Branchless conditionals on integers — fast, but can they be made faster?

Tags:

I've been experimenting with the following and have noticed that the branchless “if” defined here (now with &-!! replacing *!!) can speed up certain bottleneck code by as much as (almost) 2x on 64-bit Intel targets with clang:

// Produces x if f is true, else 0 if f is false.
#define  BRANCHLESS_IF(f,x)          ((x) & -((typeof(x))!!(f)))

// Produces x if f is true, else y if f is false.
#define  BRANCHLESS_IF_ELSE(f,x,y)  (((x) & -((typeof(x))!!(f))) | \
                                     ((y) & -((typeof(y)) !(f))))

Note that f should be a reasonably simple expression with no side-effects, so that the compiler is able to do its best optimizations.

Performance is highly dependent on CPU and compiler. The branchless ‘if’ performance is excellent with clang; I haven't found any cases yet where the branchless ‘if/else’ is faster, though.

My question is: are these safe and portable as written (meaning guaranteed to give correct results on all targets), and can they be made faster?

Example usage of branchless if/else

These compute 64-bit minimum and maximum.
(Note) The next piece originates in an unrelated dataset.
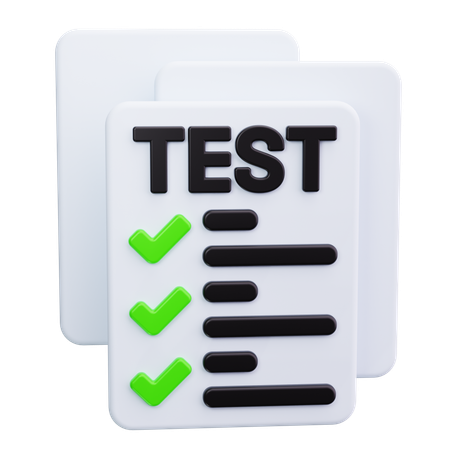 Papier test  3D Icon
inline uint64_t uint64_min(uint64_t a, uint64_t b)
{
  return BRANCHLESS_IF_ELSE((a <= b), a, b);
}

inline uint64_t uint64_max(uint64_t a, uint64_t b)
{
  return BRANCHLESS_IF_ELSE((a >= b), a, b);
}

Example usage of branchless if

This is 64-bit modular addition — it computes (a + b) % n. The branching version (not shown) suffers terribly from branch prediction failures, but the branchless version is very fast (at least with clang).

inline uint64_t uint64_add_mod(uint64_t a, uint64_t b, uint64_t n)
{
  assert(n > 1); assert(a < n); assert(b < n);

  uint64_t c = a + b - BRANCHLESS_IF((a >= n - b), n);

  assert(c < n);
  return c;
}

Update: Full concrete working example of branchless if

Below is a full working C11 program that demonstrates the speed difference between branching and a branchless versions of a simple if conditional, if you would like to try it on your system. The program computes modular exponentiation, that is (a ** b) % n, for extremely large values.
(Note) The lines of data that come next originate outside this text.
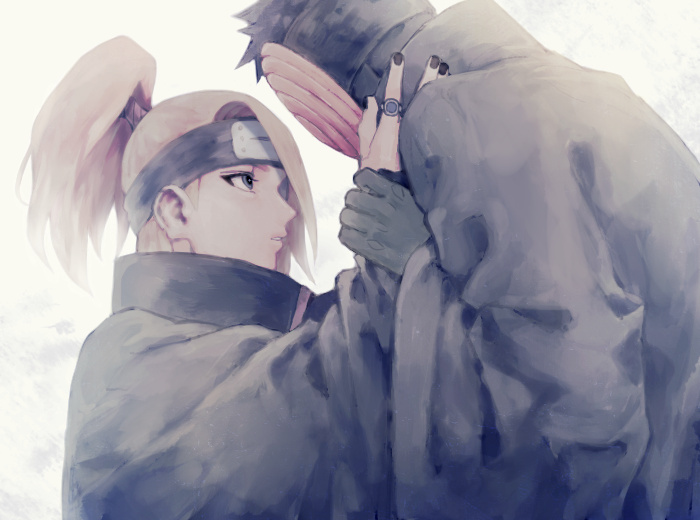 画师CONNNITIHA的火影系列插画作品，很有感觉[嘻嘻]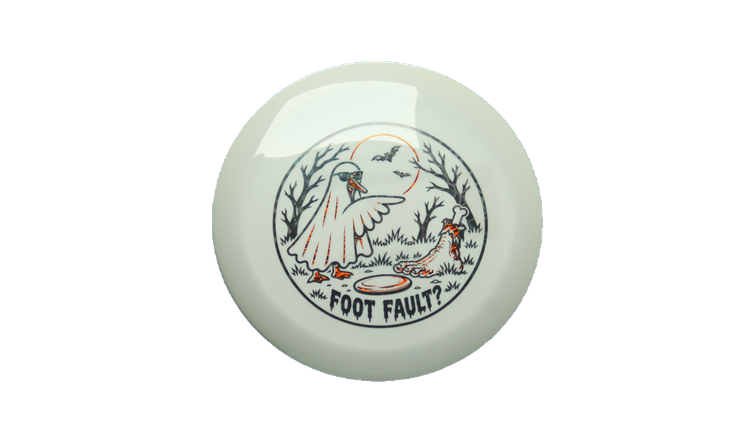 Innova 2026 Halloween Foot Fault Star Bottom Stamped Roadrunner Fairway Driver Front View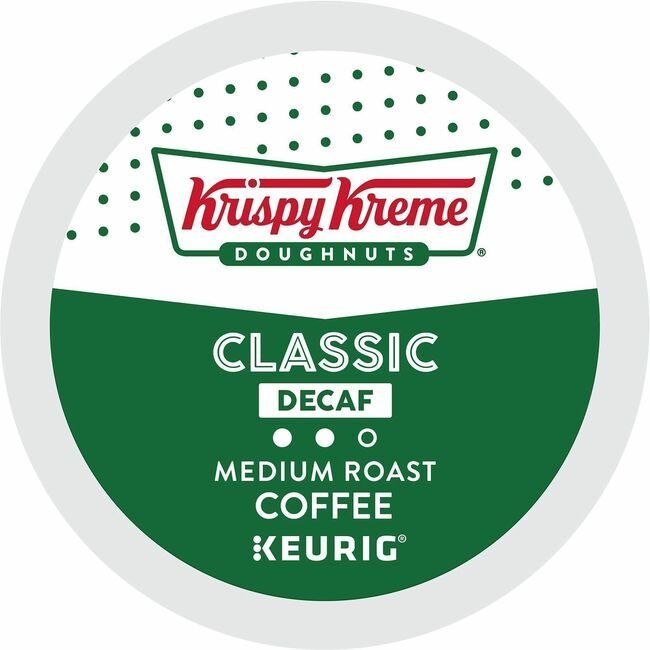 Keurig Dr Pepper / Green Mountain Coffee Roasters Decf Krisykreme 24BX GMT6111CT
To compile, use the following on the command line:

-O3 (or whatever high optimization level you prefer)
-DNDEBUG (to disable assertions, for speed)
Either -DBRANCHLESS=0 or -DBRANCHLESS=1 to specify branching or branchless behavior, respectively

On my system, here's what happens:

$ cc -DBRANCHLESS=0 -DNDEBUG -O3 -o powmod powmod.c && ./powmod
BRANCHLESS = 0
CPU time:  21.83 seconds
foo = 10585369126512366091

$ cc -DBRANCHLESS=1 -DNDEBUG -O3 -o powmod powmod.c && ./powmod
BRANCHLESS = 1
CPU time:  11.76 seconds
foo = 10585369126512366091

$ cc --version
Apple LLVM version 6.0 (clang-600.0.57) (based on LLVM 3.5svn)
Target: x86_64-apple-darwin14.1.0
Thread model: posix

So, the branchless version is almost twice as fast as the branching version on my system (3.4 GHz. Intel Core i7).
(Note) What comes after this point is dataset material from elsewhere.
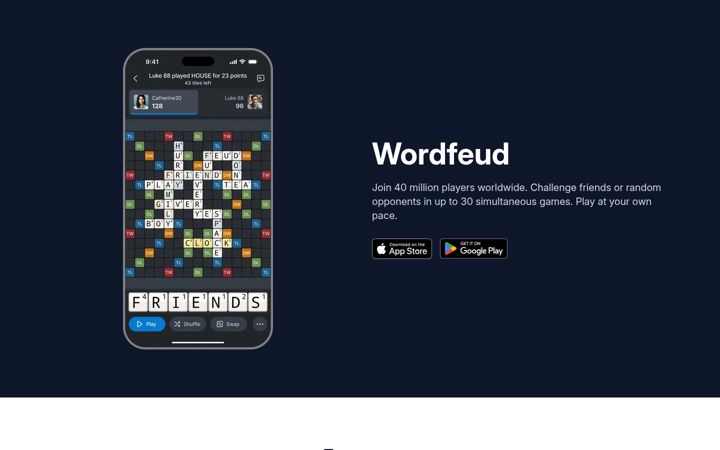 Screenshot of wordfeud.com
// SPEED TEST OF MODULAR MULTIPLICATION WITH BRANCHLESS CONDITIONALS

#include <stdio.h>
#include <stdint.h>
#include <inttypes.h>
#include <time.h>
#include <assert.h>

typedef  uint64_t  uint64;

//------------------------------------------------------------------------------
#if BRANCHLESS
  // Actually branchless.
  #define  BRANCHLESS_IF(f,x)          ((x) & -((typeof(x))!!(f)))
  #define  BRANCHLESS_IF_ELSE(f,x,y)  (((x) & -((typeof(x))!!(f))) | \
                                       ((y) & -((typeof(y)) !(f))))
#else
  // Not actually branchless, but used for comparison.
  #define  BRANCHLESS_IF(f,x)          ((f)? (x) : 0)
  #define  BRANCHLESS_IF_ELSE(f,x,y)   ((f)? (x) : (y))
#endif

//------------------------------------------------------------------------------
// 64-bit modular multiplication.  Computes (a * b) % n without division.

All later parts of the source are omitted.